-- Opening Marker --
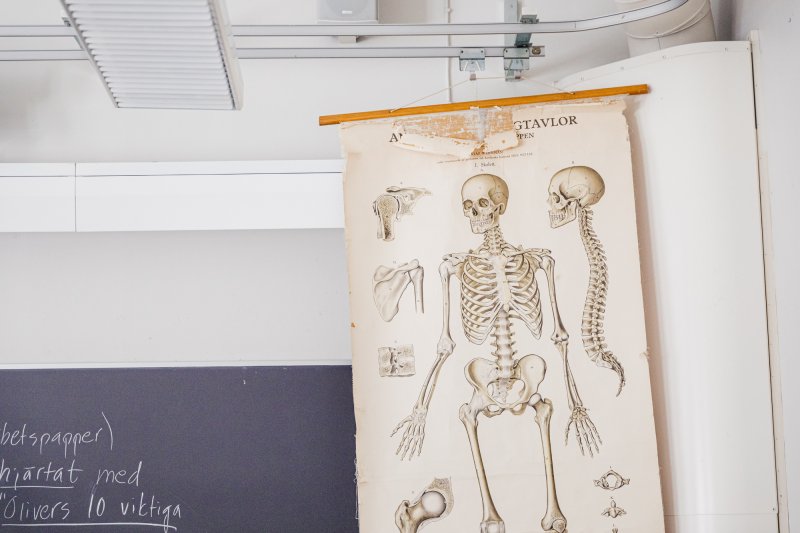 En skolplansch på ett skelett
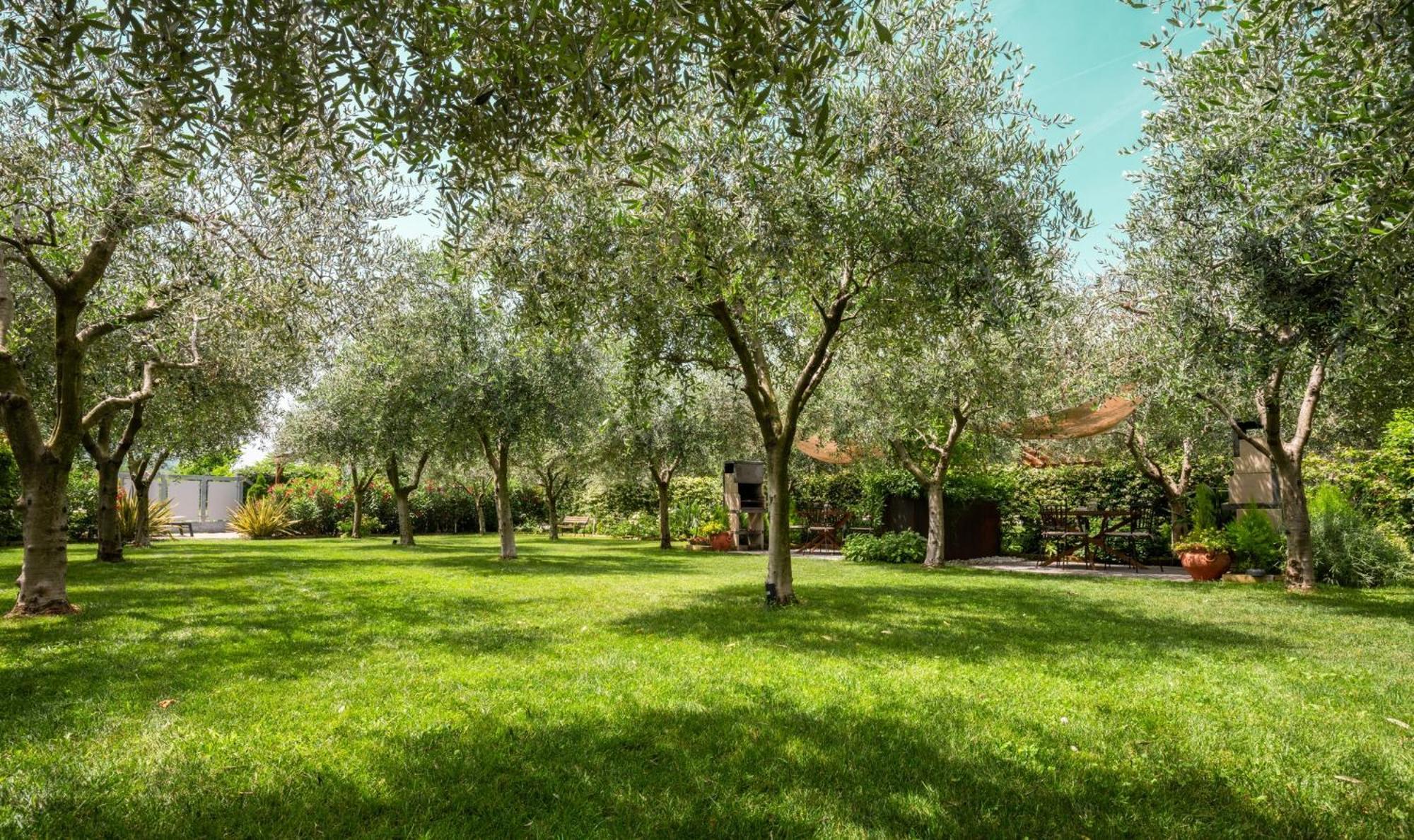 Casa 32 Loft - Garda Lake Torbole Sul Garda Exteriör bild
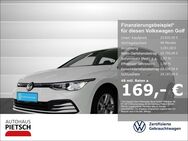 VW Golf, 1.5 TSI VIII Life, Jahr 2023 - Melle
-- Closing Marker --
WHAT TO WORK ON: Give back the full listing above word for word, and let no picture through.

SOLUTION FOR THIS TASK:
 En skolplansch på ett skelett
 Casa 32 Loft - Garda Lake Torbole Sul Garda Exteriör bild
 VW Golf, 1.5 TSI VIII Life, Jahr 2023 - Melle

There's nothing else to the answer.